If you're not at a point of naturally dying each moment or being fully awake in the present, then perhaps some sort of "daily dying" exercise might be useful. This practice is not to hasten death or ignore the astonishing wonders of life, but simply to recognize that what's generally called as "life" also contains "death". Moreover, too many people are too rigid about their notions of what reality is: dying is a way of loosening up and realizing all things are transient. Our notions of death might change over time.
Sometime each day when you are free of the need to focus on other matters, close your eyes and "erase" your body. If it seems difficult to do entirely, then wipe it away section-by-section. Begin with the legs and imagine that they're gone: what seemed like body tissue will become hollowness. After your legs have vanished, erase the torso and arms: let them disappear into space. After everything below the neck is gone, eliminate head until all traces of "your" physical body vanish. Realizing that our physical sheaths came from nothingness and inevitably return to nothingness might make this process easier.
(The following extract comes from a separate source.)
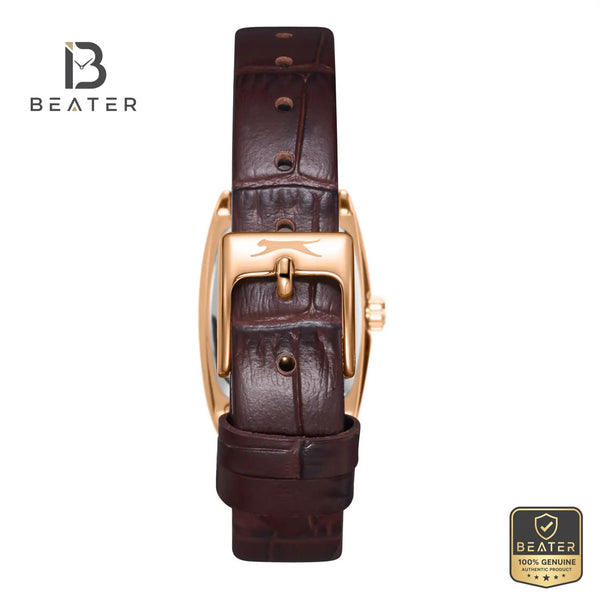 Slazenger SL.9.2641.3.432 Women's Silver Leather Strap Watch - View 4 - Beater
After the body is gone, notice whether thoughts exist. If something like a thought does arise, will it to oblivion. A dead person has no need of thought. With this realization, mental activity will diminish. Experience what it's like to be thoughtless. . . . a curious sense of stillness might ensue. Remember we are not our thoughts – there're just energy flows that should be allowed to pass . . .
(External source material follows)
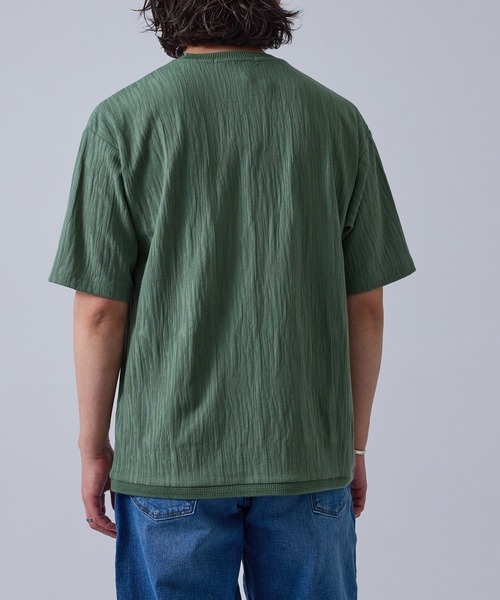 j.n.r.d(ジェー・エヌ・アール・ディー)の「j.n.r.d/スラブ調フェイクレイヤードTシャツ(Tシャツ/カットソー・メンズ・カーキ/ホワイト/ネイビー・L/M/S/LL)」の15枚目の写真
After being thoughtless for a while, ascertain whether anything else that needs to be eliminated. You might notice some subtle feelings. A gentle, but firm determination to let go of anything appearing to define you helps. Most people tend to identify with their feelings closely. At least once a day, it's good to experience a state that's both thoughtless and beyond feeling. By the way, that state is also fearless.
After being in (or near) this condition for a while, focus on the breath. What do you notice with the breath? How much conscious intention is there? At this point notice the body. What's it here for?
After this, become aware of the environment. How does the tiny body that you occupy fit in the larger environment? Before completing this, take some time for the energy channels to reconnect . . . be aware any parts that seem disconnected. If you wish to live, affirm the connections.
Daily dying is really about living, not death. The process is an exercise to notice how death and life intermingle. Being aware of death can help us to live more keenly and completely in the present, appreciating the tiny things that often go unnoticed each day.